Marcus Crassus Marcus Crassus Polityka Obserwuj notkę 0

Nie wiem czy jestem ciotą, ale uważam że Korwin - Mikke jest brzydki. Naprawdę. Jest brzydki. Ponieważ jednak jestem facetem - zapytałem parę moich znajomych koleżanek (przyznam - sporo młodzych od Korwina) - o tę sprawę. Ale wszystkie potwierdziły moje zdanie o JKM - czyli żadnej się nie spodobał. Nawet w trybie warunkowym (tzn co byś powiedziała o takim mężu/ facecie za 20 lat)

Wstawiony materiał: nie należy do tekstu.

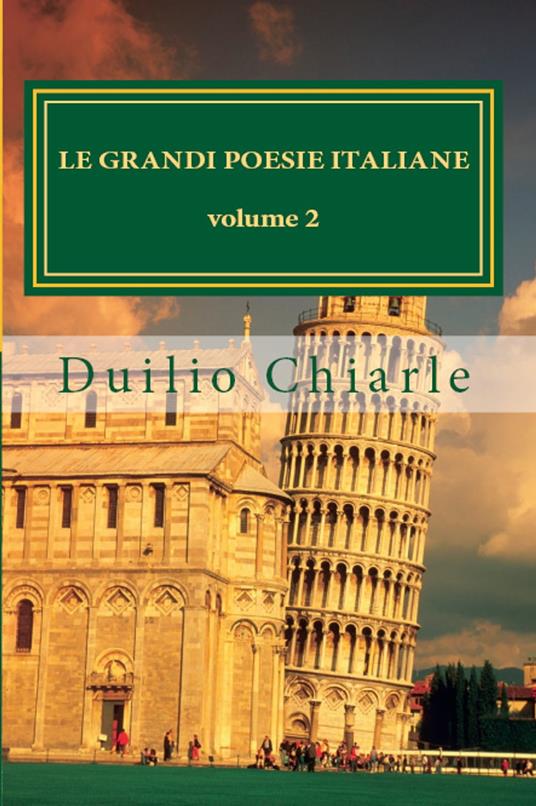 LE GRANDI POESIE ITALIANE - Duilio Chiarle - ebook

Syndrom wyparcia - jesli nie wszyscy znaja ten termin to wyjasnie. Otóż o syndromie wyparcia dowiedziałem sie czytajac publikacje na temat homoseksualizmu i homofobii. Wg niektorych naukowców, najbardziej zagorzali "homofobowie" (musze - chcac nie chcac na potrzeby wpisu uzyc tego slowa) moga byc ukrytymi homseksualistami. Przemożna niechec pogodzenia sie z faktem bycia homo powoduje u nich gleboka i zazwyczaj patologiczna niechec wszystkiemu co z owym "homo" im sie kojarzy (czasem przejawia sie to nawet w niecheci do homo sapiens). Ale syndrom wyparcia nie dotyczy tylko homoseksualistow. Mozna go zreszta uznac po prostu za zwykly kompleks.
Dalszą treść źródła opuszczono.